Brief descriptive captions:
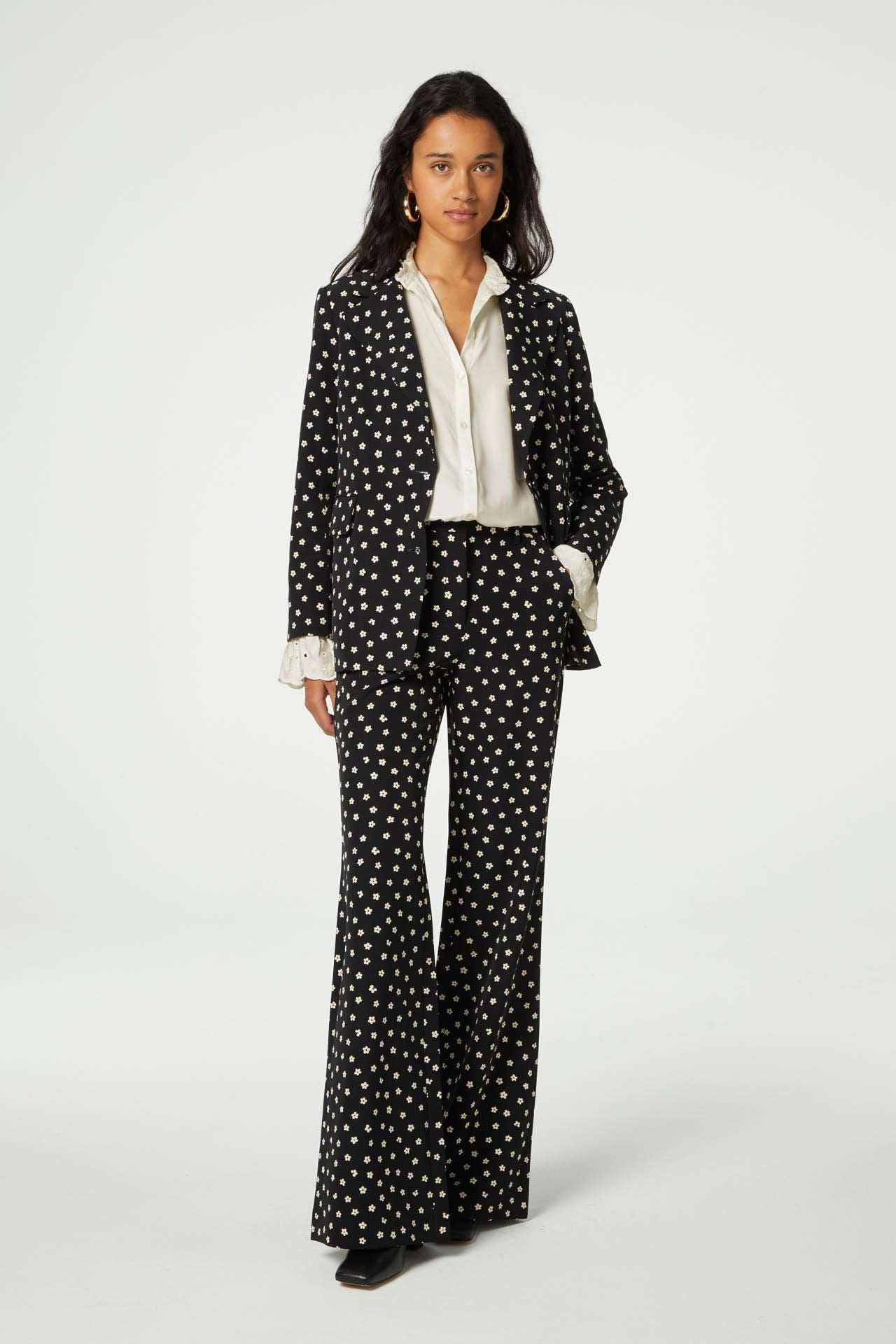 Fabienne Chapot - Paul Blazer - Black/Oat Melange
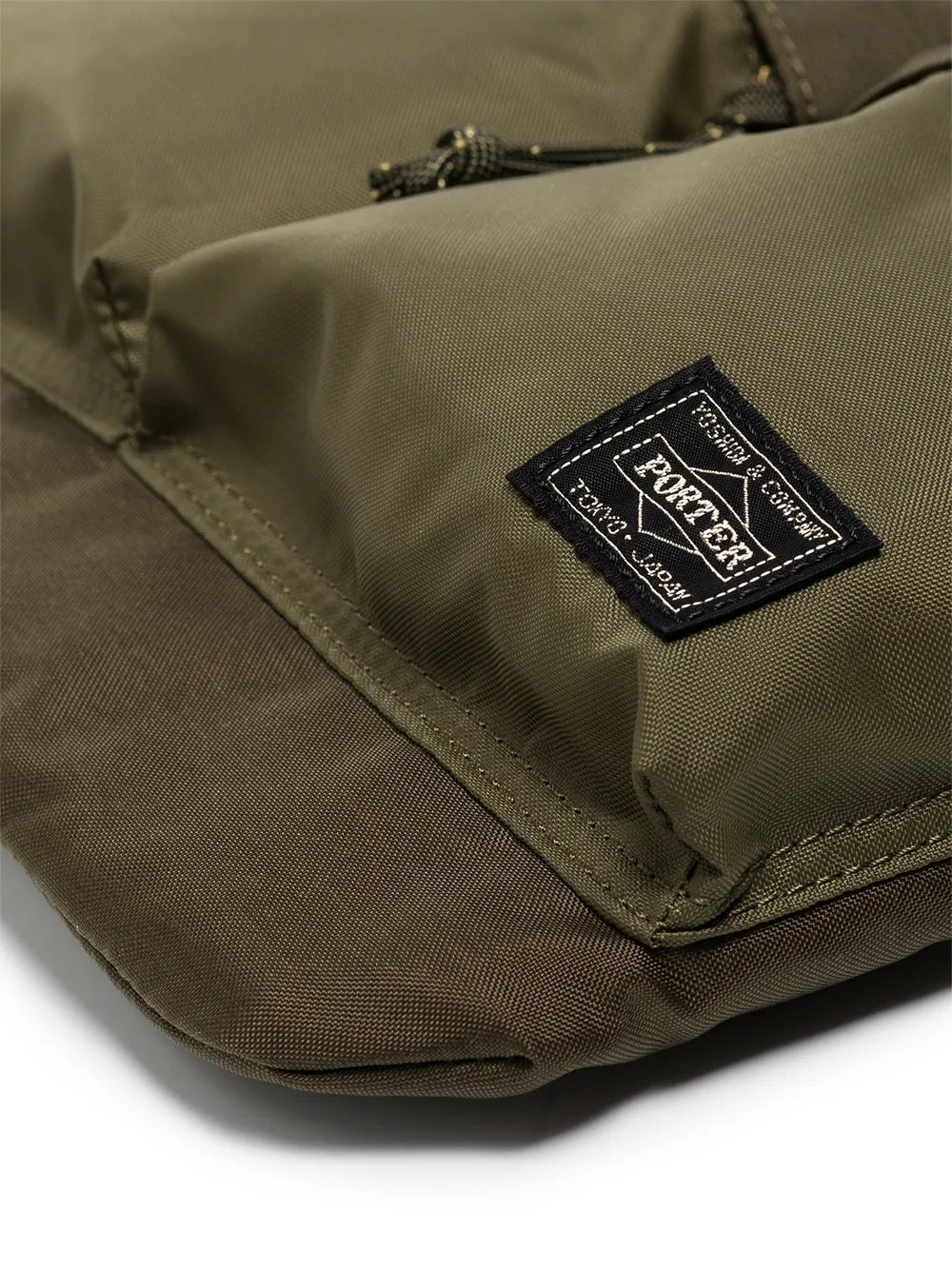 Porter Yoshida Co Flying Ace Two Way Shoulder Bag — Same as shown — Size One Size — Detail View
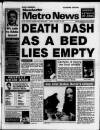 Manchester Metro News Friday 27 January 1995 Page 1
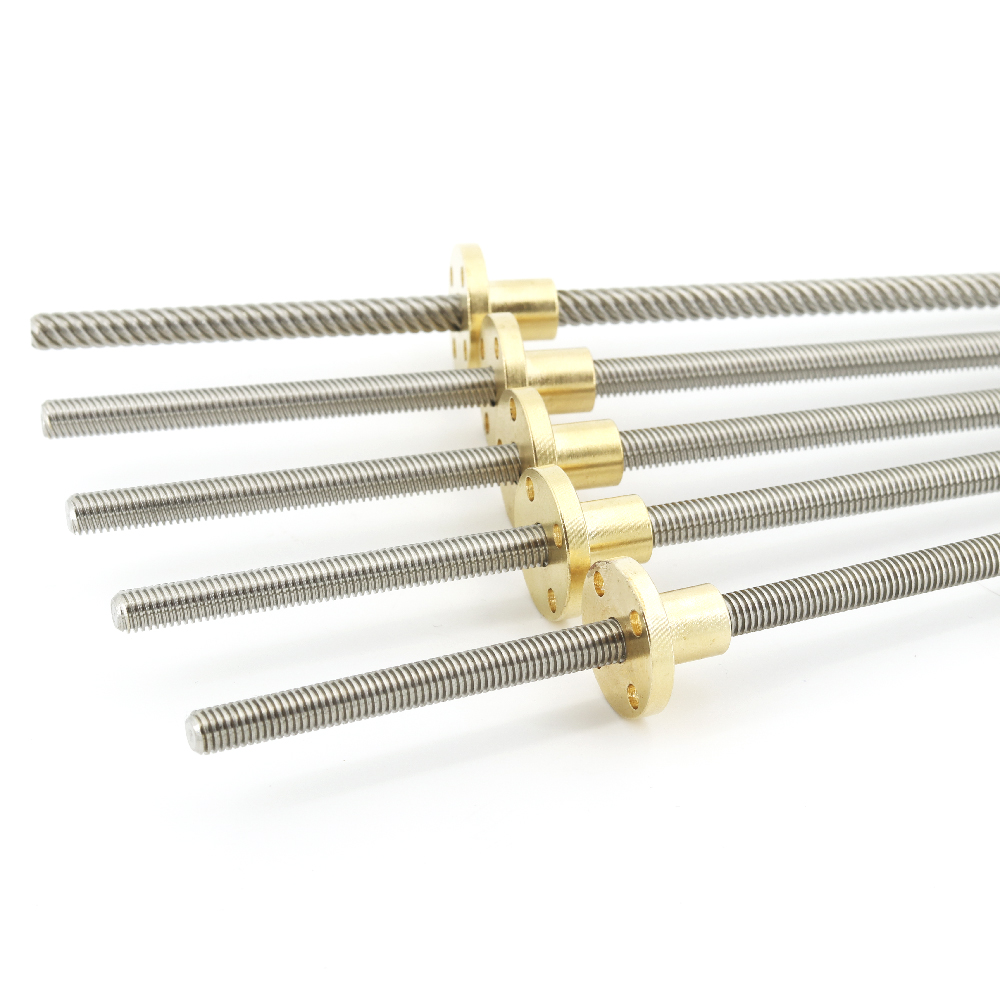304 stainless steel T6 screw l - Lead Screw 8Mm recension och pris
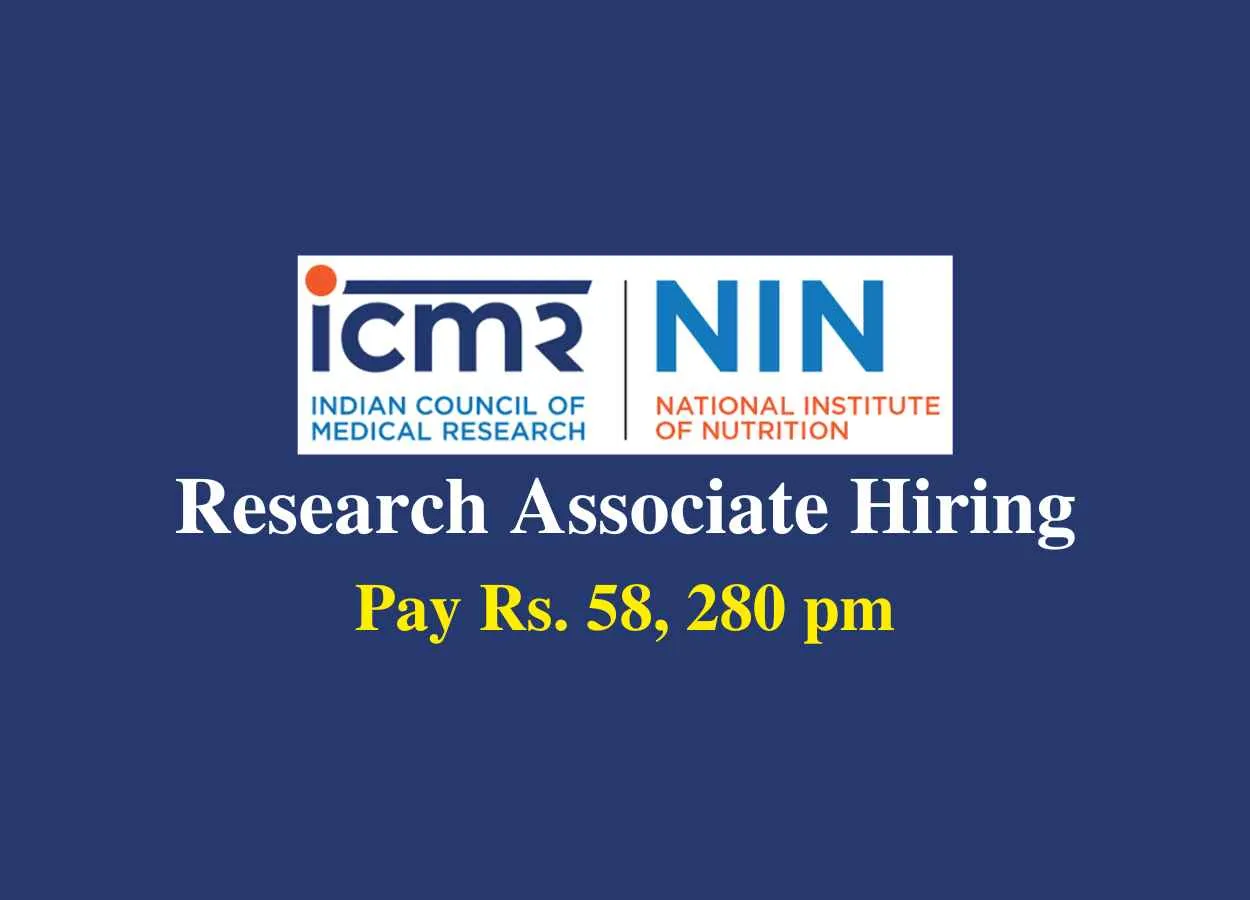 Hiring Research Associate at National Institute of Immunology
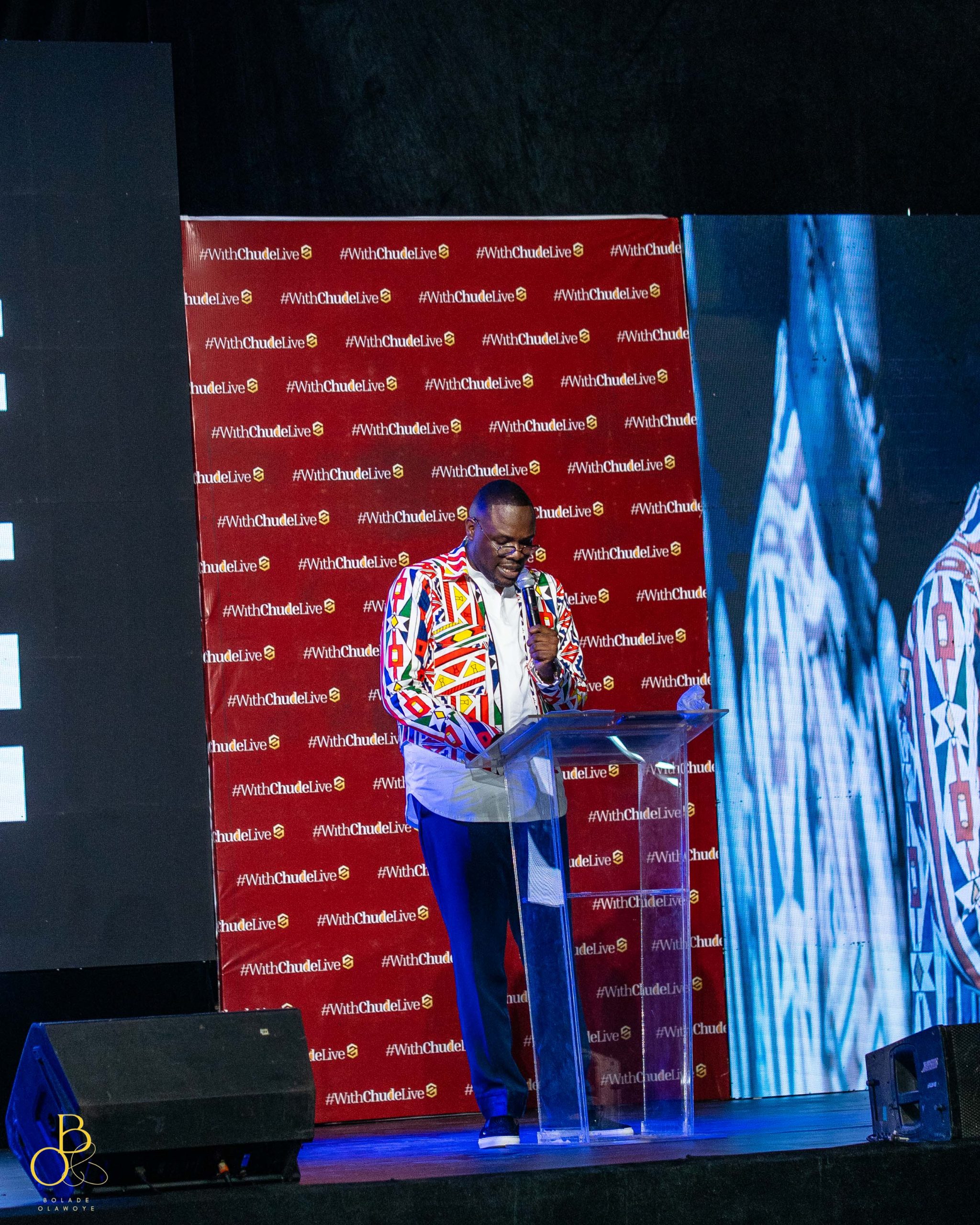 Chude Jideonwo Hosts Africa’s First-Ever Talk Concert in Lagos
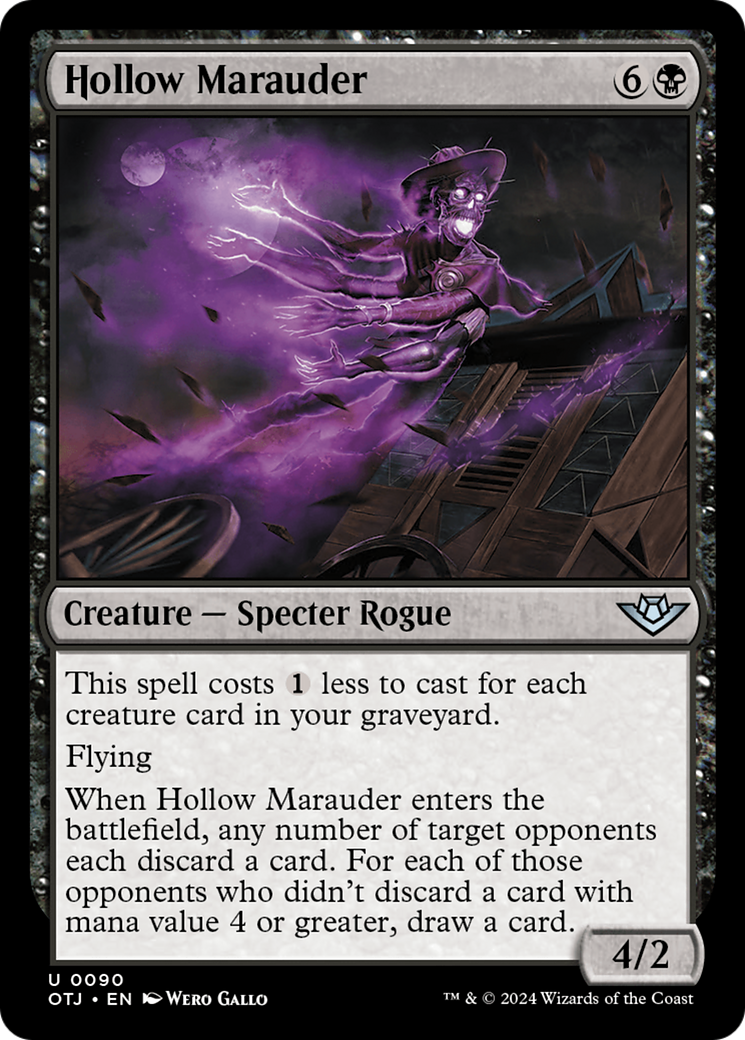 Hollow Marauder (OTJ-090)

> _TASK REQUIREMENTS_
Pictures don't belong in the copy. Restate all the entries exactly.

> _TASK SOLUTION_
 Fabienne Chapot - Paul Blazer - Black/Oat Melange
 Porter Yoshida Co Flying Ace Two Way Shoulder Bag — Same as shown — Size One Size — Detail View
 Manchester Metro News Friday 27 January 1995 Page 1
304 stainless steel T6 screw l - Lead Screw 8Mm recension och pris
 Hiring Research Associate at National Institute of Immunology
 Chude Jideonwo Hosts Africa’s First-Ever Talk Concert in Lagos
 Hollow Marauder (OTJ-090)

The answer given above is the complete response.